§ **Supplied records**

BEGIN

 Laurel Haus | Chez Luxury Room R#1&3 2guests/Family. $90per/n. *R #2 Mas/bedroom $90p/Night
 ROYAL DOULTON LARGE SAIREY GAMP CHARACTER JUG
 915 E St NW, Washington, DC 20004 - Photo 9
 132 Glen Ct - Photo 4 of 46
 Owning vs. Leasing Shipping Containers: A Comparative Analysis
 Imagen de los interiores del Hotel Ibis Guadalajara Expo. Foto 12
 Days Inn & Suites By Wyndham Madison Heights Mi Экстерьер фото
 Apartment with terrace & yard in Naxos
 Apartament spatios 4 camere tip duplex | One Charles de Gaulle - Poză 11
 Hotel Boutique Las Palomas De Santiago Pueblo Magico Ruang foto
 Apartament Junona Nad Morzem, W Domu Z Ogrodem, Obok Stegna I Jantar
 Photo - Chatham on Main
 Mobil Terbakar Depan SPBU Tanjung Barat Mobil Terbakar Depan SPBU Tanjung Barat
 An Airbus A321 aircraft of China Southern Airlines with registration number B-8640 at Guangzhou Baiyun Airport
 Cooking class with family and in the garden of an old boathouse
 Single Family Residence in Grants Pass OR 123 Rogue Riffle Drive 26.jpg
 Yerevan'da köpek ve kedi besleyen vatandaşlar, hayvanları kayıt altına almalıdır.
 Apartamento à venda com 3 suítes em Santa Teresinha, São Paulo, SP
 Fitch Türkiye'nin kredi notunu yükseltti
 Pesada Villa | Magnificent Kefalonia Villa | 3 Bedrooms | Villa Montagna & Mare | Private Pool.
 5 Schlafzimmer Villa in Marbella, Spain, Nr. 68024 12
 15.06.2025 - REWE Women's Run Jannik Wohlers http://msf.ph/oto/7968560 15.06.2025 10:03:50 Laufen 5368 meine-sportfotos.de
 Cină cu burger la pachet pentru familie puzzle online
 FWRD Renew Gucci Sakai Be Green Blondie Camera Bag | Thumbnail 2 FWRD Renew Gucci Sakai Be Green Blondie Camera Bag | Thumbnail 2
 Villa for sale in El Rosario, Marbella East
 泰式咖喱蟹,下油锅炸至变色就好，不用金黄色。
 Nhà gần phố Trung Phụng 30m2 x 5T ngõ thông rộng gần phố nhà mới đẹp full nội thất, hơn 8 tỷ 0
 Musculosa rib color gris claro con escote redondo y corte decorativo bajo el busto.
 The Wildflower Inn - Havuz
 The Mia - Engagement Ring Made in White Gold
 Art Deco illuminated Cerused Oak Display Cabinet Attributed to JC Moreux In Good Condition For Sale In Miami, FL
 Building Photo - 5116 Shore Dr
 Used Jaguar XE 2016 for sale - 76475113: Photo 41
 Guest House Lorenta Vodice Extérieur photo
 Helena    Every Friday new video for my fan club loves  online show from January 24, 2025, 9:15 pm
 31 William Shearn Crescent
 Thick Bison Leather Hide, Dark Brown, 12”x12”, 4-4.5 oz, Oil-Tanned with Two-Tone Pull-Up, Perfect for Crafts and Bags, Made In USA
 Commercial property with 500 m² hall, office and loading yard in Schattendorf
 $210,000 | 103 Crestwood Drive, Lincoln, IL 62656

END

§ **Action item**
Which lines above contain the word "Hotel"? List them.

§ **Written answer**
 Imagen de los interiores del Hotel Ibis Guadalajara Expo. Foto 12
 Hotel Boutique Las Palomas De Santiago Pueblo Magico Ruang foto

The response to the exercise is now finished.